Adrian is starts off as a 13 year old Intellectual, living in a house with his pathetic parents and his companion(the dog!) He has much to say about World Politics and Communism, and has a bitter-sweet imagination. As an Intellectual, he finds it difficult to live in a home where he is not noticed, and in a world where people kill themselves, and corruption ruled the world!

He also has a thirst for Great English Literature, and he never turns away from it. After reading many Classic books: "Animal Farm, Wuthering Heights, etc" he decides that Poetry and novels is what he wants! He wants to become a poet, and submits numerous poems to the BBC, but they fail to get published, but young Mole is a fighter, and he never gives up!

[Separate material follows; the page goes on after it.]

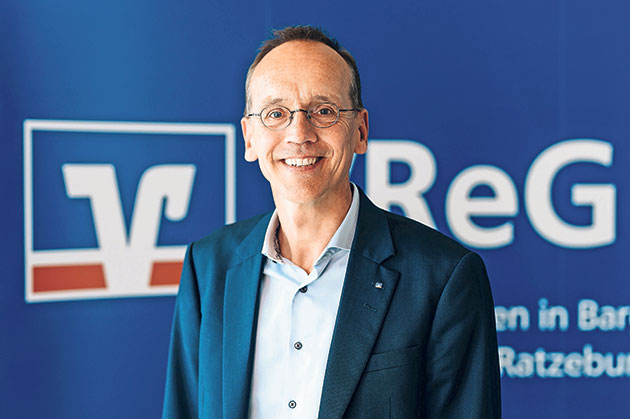 Stephan Schack verlässt den Vorstand der Volksbank Raiffeisenbank eG zum 1. August.Foto: VREG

He lives life quite the same, until the treacle-haired love of his life turns up( Pandora Braithwaite). She is smart, gorgeous, and hilariously funny, as stated by A.Mole. But, as he grows older into maturity, he discovers that things will change, and turn very bitter and sweet. But, Mole will always turn out triumphant in the end!

A must read!

Rating: 5 stars
Summary: Totally Funny !
Review: I think Adrian Mole is one of the most funny characters I will ever read of! I think all mid-teens should read it!

Rating: 5 stars
Summary: You will laugh out loud
Review: Fabulously entertaining! I read the first of the series, cover-to-cover in one afternoon then left to buy up the rest of the series and read them one after another. I can't get enough of the Moles! This book has such wit. I was truly upset to get to the end and wanted to just read through the series again. At first, the book's flavor reminded me of Owen from "A Prayer for Owen Meany" by John Irving -- (I ADORED that book) -- but as I read on, the books by Townsend are even better! NOT JUST FOR TEENAGERS! (In fact, much of the humor would be lost on them, I think.) The diaries are full of entries that will make you laugh out loud. I can't imagine anyone not liking this collection. I cerainly wouldn't want them as friends! BUY THIS BOOK NOW!

Rating: 5 stars
Summary: Very funny but also very true
Review: This book is one of the most accurate portrayals of the teenage experience I have ever read. It wasn't too long ago that I was feeling the same anxieties as Adrian. Sue Townsend inject humor into teen angst without trivializing the experience. I found myself laughing constantly because he was doing stuff that I remember myself doing. A definite must-read.

Rating: 5 stars
Summary: Very funny and very touching
Review: I loved this book and I now cherish it with all my heart. It was very, vey funny and I admire any book that can make me laugh outloud. Well done Sue Townsend for giving us Adrian, the teenager from hell.